Hi Wesley, In addition to the rules that you mentioned, you can find a few more rules here, including sum/difference of odd powers, sum of even powers, grouping, and something I like to call aggressive grouping.

If none of those help, another tool that might help you out is something called the *Rational Root Theorem*. The rational root theorem says that *if *a rational zero to a polynomial exists, then written in simplest form p/q, p is a factor of the constant, and q is a constant of the highest order coefficient.

How does this help in factoring? Well, if p/q is a zero of the polynomial, then (qx - p) is a factor.

It's important to note that the statement above has a big "if" in it. It's possible that no rational roots exist. But if they do exist, this rule helps us out in our trial-and-error search by eliminating possibilities.

Let's take an example: 3x^{3} - 5x^{2} - 42x - 40 = 0.

The rational root theorem tells us that if this has rational roots, they are of the form p/q, where p is a factor of 40, and q is a factor of 3. Now, this still gives us a LOT of possibilities to consider, because p could be 1, 2, 4, 5, 8, 10, 20, or 40 (plus the opposites of all of those), and q could be either 1 or 3 (or their opposites).

So let's start with something that's not a fraction: Let's try 1, and see what happens. I'm going to do synthetic division on this. If you don't know how synthetic division works, you'll want to take a look at this explanation: How to do synthetic division.

The next bit of good news is that we can use the values in our synthetic division to reduce the polynomial by the factor we just found: our polynomial can be rewritten as (x + 2)(3x^{2} - 11x - 20) (note the numbers at the bottom of our synthetic division - they are the coefficients of the reduced polynomial). To find our next factors we can use the techniques that we're familiar with on the factor 3x^{2} - 11x - 20, or we can continue doing synthetic division.

Of course, I cheated; I created a polynomial which I knew could be factored, but there's no guarantee that a given polynomial is factorable over real numbers, let alone rational numbers! Your polynomial, for example, has only one real root, and that one real root is not rational. If you had tried the rational root theorem on this, you would have tried 1, 1/3, 1/7, 1/21, and the opposites of all of those, only to find that none of them work.
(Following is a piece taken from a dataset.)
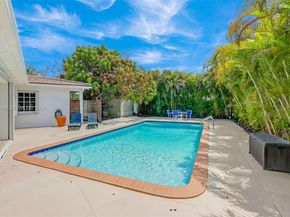6810 SW 51 St., Miami FL 33155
The good news is that because of the rational root theorem, you KNOW that you're done looking for rational roots.

So there are a few more tools for your arsenal; I hope something here was helpful!

Joshua asks, "I heard people say that a sum of two squares is (x + y + sqr(2xy))(x + y - sqr(2xy)) But I also heard that a sum of two squares is (x+iy)(x-iy) Are both of these correct?? And are there other ways to factorize the sum of two perfect squares?"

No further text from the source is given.